SMITH USURPS HER RIVALS AFTER UNCONVENTIONAL CAMPAIGN
Jemma Smith came into the 2022 Ocean Racing World Championships as one of the great unknowns.
She hadn’t raced in her surfski since April, after choosing to focus on sprint kayaking for the past six months after qualifying for the Under 23 Australian team.
Yet the 23 year-old leaves Portugal with no uncertainty around her status on the international scene, crowned the new World Champion after a stunning performance.
“I’m really stoked with that,” she says. “I came into this race not really knowing how I would go because we haven’t raced internationally for a long time.”
“Seeing the World Championships being run last year, and Australia and New Zealand not being able to contest it, was really tough and I was itching to get back this year and put a good race together.
“I think we were all probably hoping for a bit more wind, the first half of the course definitely had a bit more assistance than the last half. It got really tough towards the end.
“I just tried to keep my head down and go as hard as I could to the finish line.”
Smith surged clear of her rivals over the last few kilometres to finish in a time of 1 hour, 26 minutes and 5 seconds.
Remarkably, that was almost a minute and a half ahead of 2019 champion Danielle McKenzie (1:27:31) in second and defending champion Michelle Burn (1:28:14) in third.
Smith and McKenzie have shared so many incredible battles over their careers, across both surf lifesaving and downwind racing, and from the start of the race it appeared this would be another.
The two athletes lead two different packs, with Smith opting to hold a shallower line, while McKenzie went further out to sea in search of assistance.
“I got here a couple of days early and spoke to as many people as I could to find out what was going on,” Smith says.
“I wanted to hold an inside line to try and get any flow out of the river mouth that could help me.
“There were heaps of girls up there at the start. It’s just incredible to see the standard of women’s paddling lift over the past few years and it’s awesome everyone can be back racing together.”
At the five kilometre mark, McKenzie kicked and gained a slight advantage.
However, this race was always coming down to the wire.
“Jemma came home super, super strong,” McKenzie says. “It was the first time I hit a wall, and man I hit a wall hard.
“It was either a mental game or my body just couldn’t handle it at the end.
“But we have to recognise Jemma, she was the very first person across the line. That’s pretty unreal to start 10 minutes in front of the boys and be the first home.”
While Smith and McKenzie share a long history of racing, Michelle Burn stepped into the storyline with them for the very first time.
“They were really cool to race,” she says. “I haven’t raced them before, so that was nice to finally go head-to-head.
“It didn’t completely go as planned, but I am really happy with where I was. I left everything out there and couldn’t have gone any harder.

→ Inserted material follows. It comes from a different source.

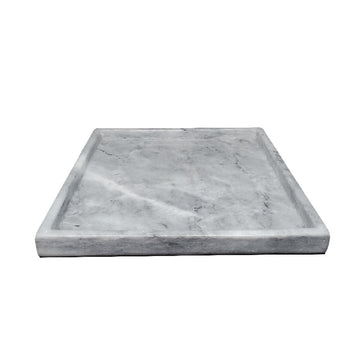 HairMNL Marble Supply Square Marble Bath Tray 8x8" Gray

“I felt comfortable and strong and I do know it wasn’t my strongest conditions, so hopefully I can be a bit closer and in the mix in Australia at the Shaw and Partners WA Race Week.”
Smith becomes the sixth different winner of the women’s World Championship after six runnings of the event.

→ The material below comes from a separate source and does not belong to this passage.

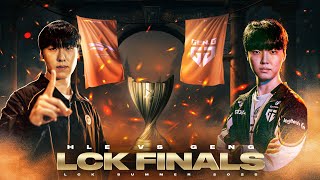 LCK GRAND FINALS - HLE VS GENG - SUMMER 2025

Although she admits it wasn’t a title she was overly confident of claiming, after a build-up spent largely in the K1.
“I definitely haven’t done the racing in the ocean ski I normally would’ve hoped to have done over the past few months,” Smith admits.
“But Dani [McKenzie] has had a huge month racing overseas in surf, so to pull out a race like that after all of that is a massive effort and a credit to the kind of athlete she is.”

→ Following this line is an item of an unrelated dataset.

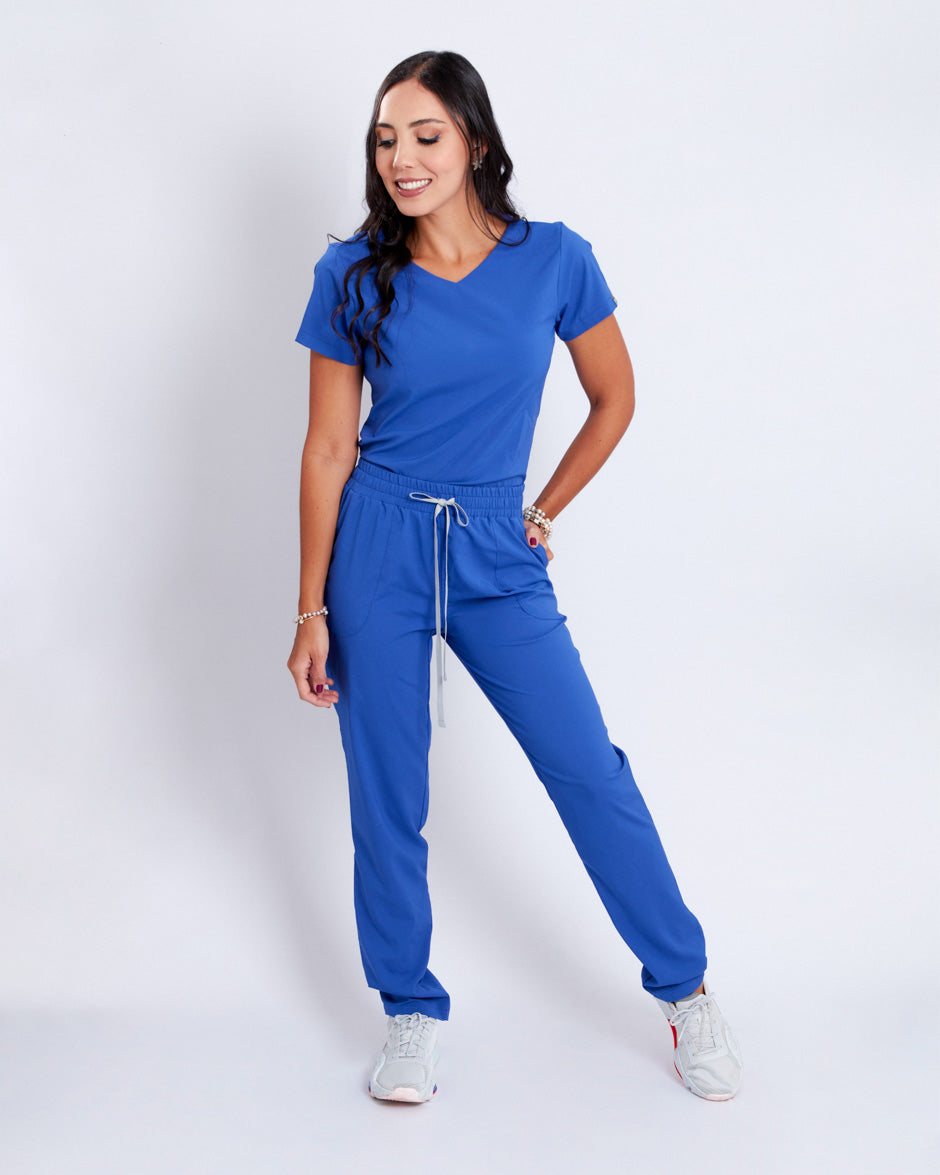 pantalon medico uniforme antifluidos new solar azul rey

She credits the help of her local ocean ski squad on the New South Wales Central Coast, just north of Sydney, for helping to drive her short campaign.
“They’ve been incredible to me and helped me get the last-minute preparation for this race. I wouldn’t be here without them.”
And while she will continue to juggle her multi-discipline paddling, she admits the attraction of downwind racing grows stronger with every race.
“I think for sure, ocean ski racing is something I’ve fallen in love with these past few years,” she says.
“Not just travelling around the world where it’s such an incredible sport internationally, but also back at home where the community is so awesome.”